Tiers of Rage
The assault on the fortifications that protect the New York Times’ journalism
By Rem Rieder
Rem Rieder (email@example.com) is AJR's editor and senior vice president.
It's a truly atrocious idea.
Morgan Stanley has stepped up its campaign to eviscerate the New York Times Co.'s two-tier stock structure. That's the bulwark that protects the company from the sharks of Wall Street.
Under the two-tier system, the Sulzberger family owns 88 percent of the class B voting shares. That largely insulates the Times Co. from the ridiculous profit demands of the Street and from the danger of a takeover. It protects the company from the fate of Knight Ridder, which was muscled into putting itself up for sale and has gone away, and the Tribune Co., which now finds itself in play.
And it enables the Times to continue to put out a world-class newspaper, to spend heavily on national and international coverage, to avoid mindless budget-slashing in the name of stratospheric profit margins.
Similar parapets are in place at other surviving bastions of quality journalism, like the Washington Post Co., McClatchy and Wall Street Journal parent Dow Jones.

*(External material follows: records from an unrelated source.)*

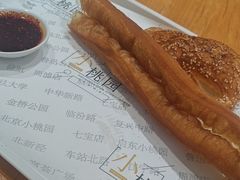 -小桃园·豆浆油条(复兴中路店)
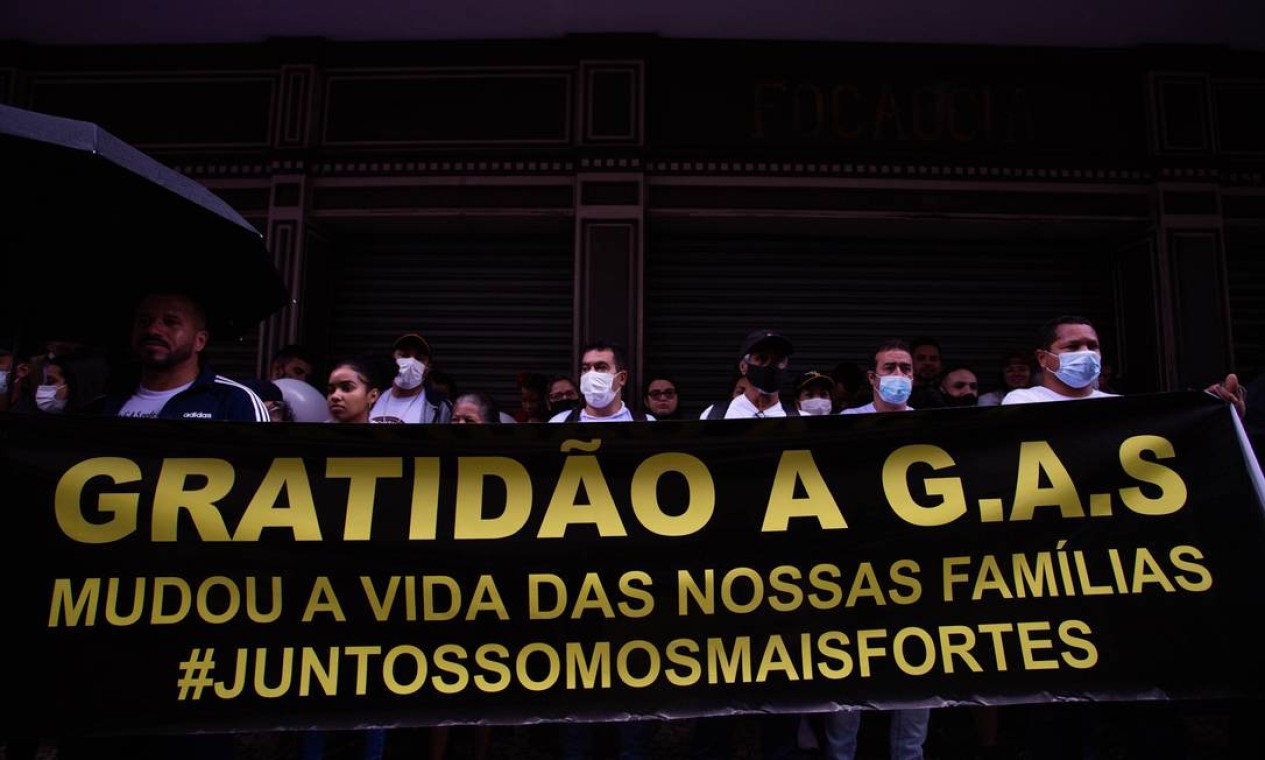 As investigações demonstraram que cerca de 67 mil pessoas investiram na operação de Glaidson Foto: Maria Isabel Oliveira / Agência O Globo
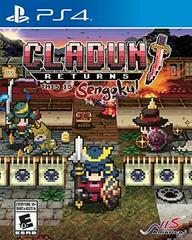 Cladun Returns: This is Sengoku - Playstation 4 | Anubis Games and Hobby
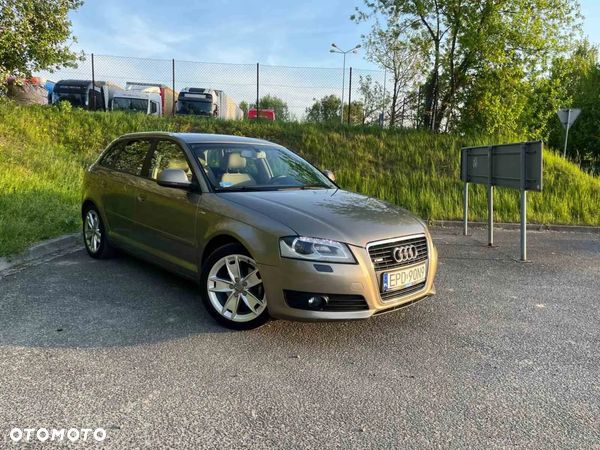 Audi A3 1.4 TFSI Ambiente - 1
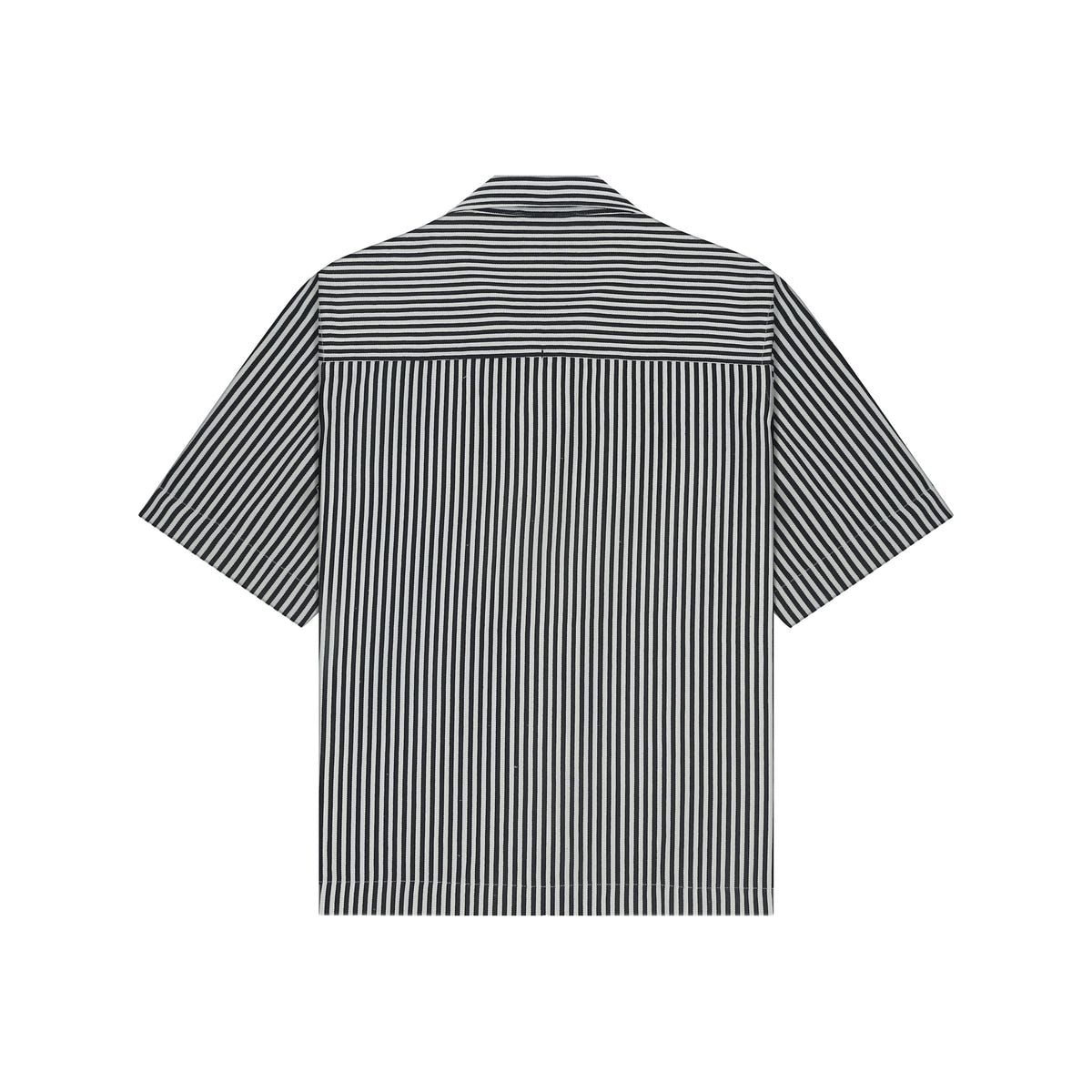 Striped Regiment Shirt - image 6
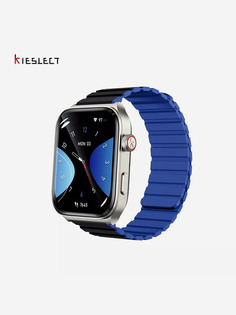 Умные часы Kieslect Calling Watch Ks2. Цвет: серый космос, Серый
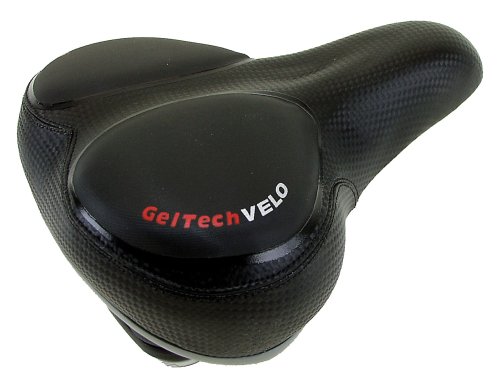 Preisvergleich Produktbild Velo Sattel Out-Look Gel, 245x210 mm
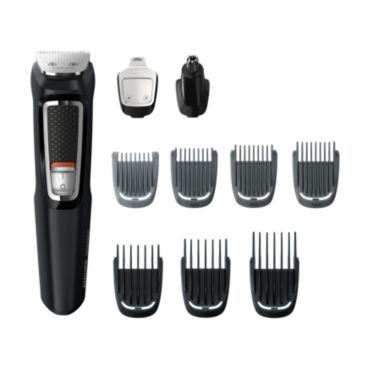 Multigroom 3000 multipurpose trimmer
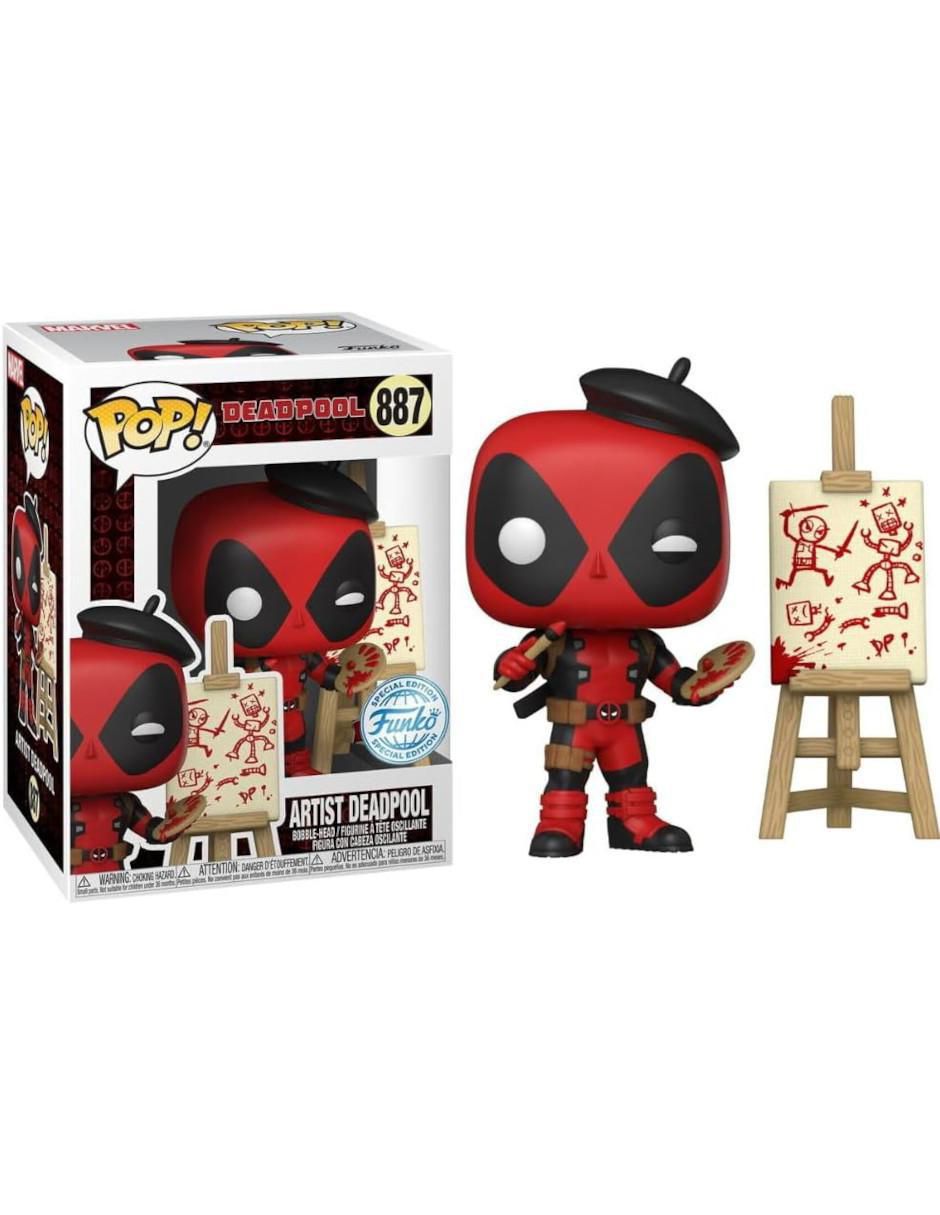 POP! Marvel Deadpool 2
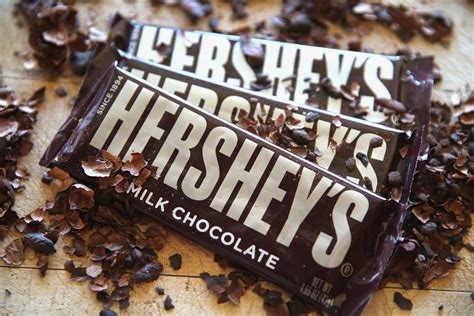 La Deliciosa Historia Del Chocolate Hersheys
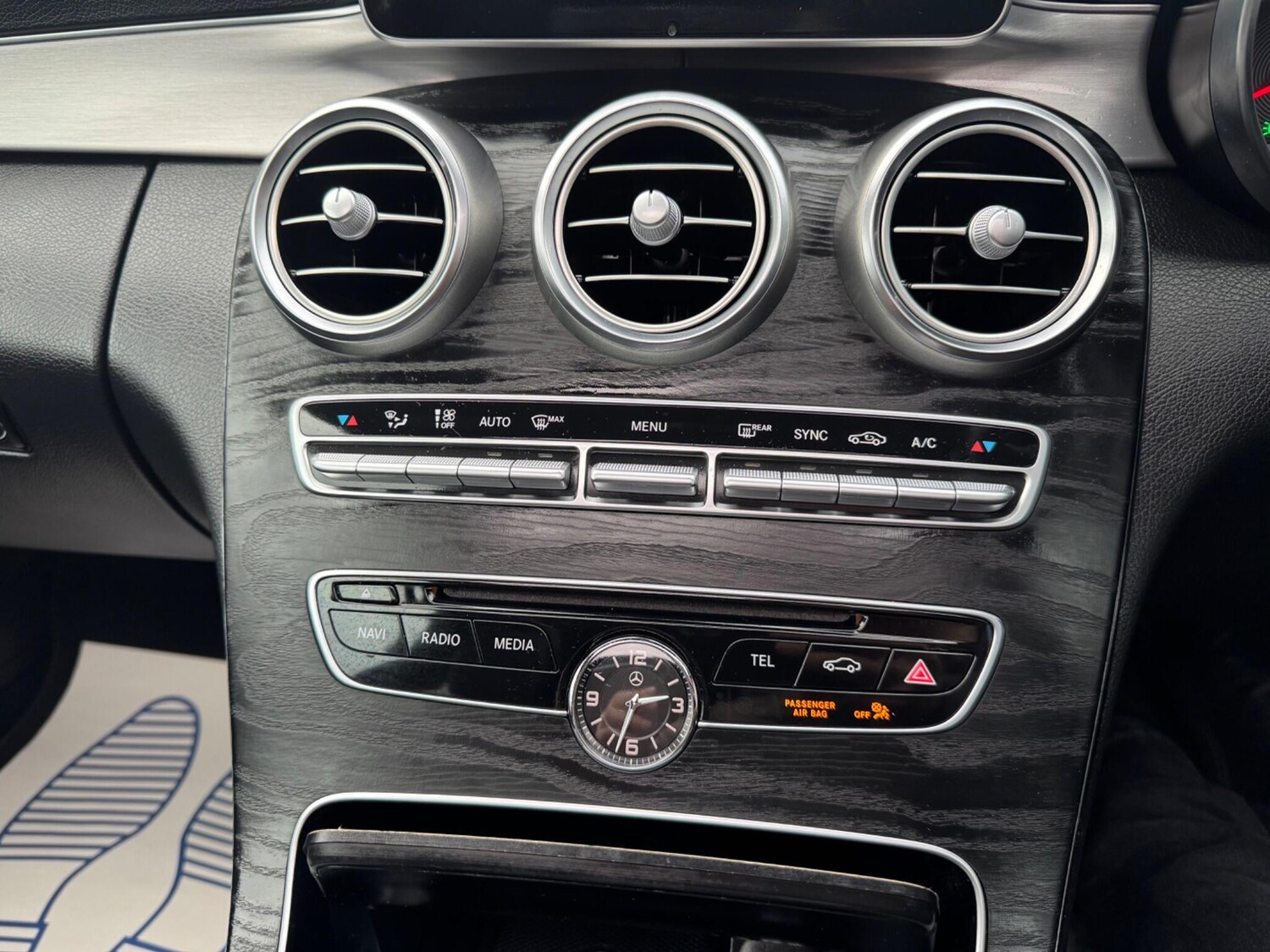 Used Mercedes-Benz C Class 2017 for sale - 78220165: Photo 26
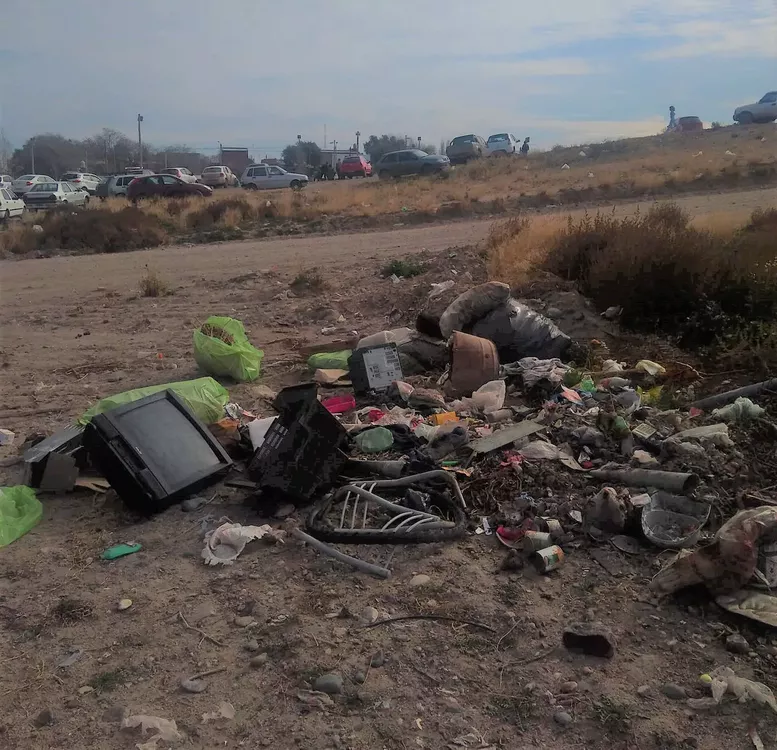 basura Noroeste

So what's not to like? Well, plenty, in the view of Morgan Stanley money manager Hassan Elmasry. Elmasry says it's just not right that owners of the nonvoting shares, which constitute the vast majority of the company's stock, choose only four directors, while the owners of the voting shares get to pick the other nine. He wants all the shares to be treated equally. His resolution to toss out the two-tier approach will be considered at the Times Co.'s annual meeting next year, although the shareholders couldn't scrap it by themselves.
Well, guess what. The two-tier system was in place when Elmasry's fund, which has a 7.6 percent stake in the Times Co., bought its shares. If that was such a problem, maybe Elmasry should have bought something else.
Because the last thing journalism needs is to be even more vulnerable to the ravages of the greedheads.
Face it: Years of budget-cutting have gutted many of America's newspapers. And in recent months the trend has accelerated. Hardly a day goes by that Romenesko doesn't bring more sad tidings.
Shuttered foreign bureaus. The incredible shrinking Dallas Morning News. Big cutbacks in Akron and threatened in Philadelphia. (That sure takes the bloom off the private ownership rose.) The Tribune Co. demanding yet more cuts at the Los Angeles Times, running off one of the nation's top editors (and a very courageous publisher) in the process.
One consequence of the carnage has been a sharply reduced number of newspapers with the resources and the will to cover national and international events.
No doubt some would say, so what? Today's mantra is "local, local, local." It's fashionable in some quarters to dismiss papers' aspirations to report far beyond their circulation areas, and to do ambitious projects and series, as driven by vanity and ego rather than a commitment to serving readers.
But serving readers includes watchdog journalism, and watchdog journalism doesn't stop at the city limits or the water's edge. Strong national and international reporting is critical to democracy.
Take the war in Iraq. You need lots of manpower and money to cover it thoroughly. And the number of papers with the wherewithal to do so is alarmingly small. Yet it is critically important for the American people to know what is going on there. It's not a task that should be left exclusively to the AP.
It's no accident that the major national security stories of the past year or so have been broken by the New York Times, the Washington Post and the L.A. Times.
But now the L.A. Times is under siege. To the great credit of its leadership and staff, it has remained top-tier even as its newsroom staff has been chopped by more than 200. But that can't go on indefinitely if short-term thinking leads to yet more staff reduction, as seems inevitable. Unless, of course, one of those L.A. billionaires buys the paper or the entire Tribune Co. And even then, who knows? (See Philadelphia and Akron.)
So we are facing the loss of one of our very few papers committed to covering the nation and the world.
Which makes the New York Times even more important. Now the Times, as you may have noticed, has had its share of snafus in recent years, from Wen Ho Lee to Jayson Blair to WMD. But it remains a national treasure thanks to the quantity and quality and scope of its journalism.
That's why the last thing we need is for some high-flyers to knock down the fortifications that allow the Times to keep doing what it does without obsessing over the quarterly number.